Knarrend wurde die Türe aufgezogen. Es waren Raphael Harpner und Luther Octavius.
„Raphael“, rief Karkaday erleichtert. „Ihr seid am Leben. Wo wart ihr?“
„Der Herr Architekt musste unbedingt ins Stadtarchiv“, sagte Harpner mit einem Kopfnicken in Richtung Octavius, der eine sehr große Pergamentrolle unter den Arm geklemmt hatte. „Er meinte, er hätte was wichtiges entdeckt.“
„Das habe ich in der Tat“, sagte Octavius. Er kniete sich hin und entrollte das Pergament. Es war wirklich sehr groß, beinahe zwei Meter in der Länge und einen Meter in der Breite. Es war offensichtlich eine Straßenkarte von Greifental, allerdings konnte sie nicht sehr aktuell sein, denn die Randbezirke waren in der Zwischenzeit stark angewachsen. Außerdem irritierte Karkaday, dass überall auf dem Plan scheinbar völlig willkürlich dicke rote Linien eingezeichnet waren.

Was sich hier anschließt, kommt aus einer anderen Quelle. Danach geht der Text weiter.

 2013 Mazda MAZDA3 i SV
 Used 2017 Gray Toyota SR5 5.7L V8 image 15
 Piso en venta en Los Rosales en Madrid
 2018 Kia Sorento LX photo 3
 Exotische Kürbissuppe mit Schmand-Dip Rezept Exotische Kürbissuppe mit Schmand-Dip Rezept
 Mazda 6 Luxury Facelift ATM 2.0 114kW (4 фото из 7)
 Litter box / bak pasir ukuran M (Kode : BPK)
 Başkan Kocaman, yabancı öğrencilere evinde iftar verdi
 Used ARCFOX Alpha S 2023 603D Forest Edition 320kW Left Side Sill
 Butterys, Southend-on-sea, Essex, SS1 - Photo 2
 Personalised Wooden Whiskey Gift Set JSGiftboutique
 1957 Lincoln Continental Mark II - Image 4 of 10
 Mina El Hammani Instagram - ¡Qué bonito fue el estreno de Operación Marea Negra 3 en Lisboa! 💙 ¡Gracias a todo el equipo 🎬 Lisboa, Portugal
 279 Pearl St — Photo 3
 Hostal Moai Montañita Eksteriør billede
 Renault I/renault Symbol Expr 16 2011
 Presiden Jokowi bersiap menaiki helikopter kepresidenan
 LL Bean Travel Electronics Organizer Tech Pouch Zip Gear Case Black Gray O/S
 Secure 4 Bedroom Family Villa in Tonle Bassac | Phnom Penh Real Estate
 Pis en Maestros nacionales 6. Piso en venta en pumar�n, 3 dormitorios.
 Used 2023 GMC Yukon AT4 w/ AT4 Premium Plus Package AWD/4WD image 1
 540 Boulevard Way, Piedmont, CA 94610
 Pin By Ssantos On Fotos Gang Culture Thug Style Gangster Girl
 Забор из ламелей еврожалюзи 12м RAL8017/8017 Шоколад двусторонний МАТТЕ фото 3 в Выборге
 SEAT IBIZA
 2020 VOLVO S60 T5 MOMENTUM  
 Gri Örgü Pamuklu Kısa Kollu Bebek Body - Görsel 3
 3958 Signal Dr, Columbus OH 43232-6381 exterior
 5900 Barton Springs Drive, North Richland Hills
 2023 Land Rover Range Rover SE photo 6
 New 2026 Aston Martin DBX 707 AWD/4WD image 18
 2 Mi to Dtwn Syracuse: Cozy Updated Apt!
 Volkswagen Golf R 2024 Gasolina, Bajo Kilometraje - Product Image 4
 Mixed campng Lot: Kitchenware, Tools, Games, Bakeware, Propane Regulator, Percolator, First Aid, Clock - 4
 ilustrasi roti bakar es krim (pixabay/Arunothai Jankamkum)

„Was ist das, Luther?“, fragte Karkaday skeptisch.
„Ein alter Stadtplan“, sagte Octavius und deutete auf eine Jahreszahl, die jemand in eine Ecke gekritzelt hatte. Sollte sie stimmen stammte diese Karte aus der Mitte des ersten Zeitalters und war somit fast tausend Jahre alt.
„Und eine tausend Jahre alte Stadtkarte soll unser aller Rettung sein?“, fragte Karkaday nicht minder skeptisch.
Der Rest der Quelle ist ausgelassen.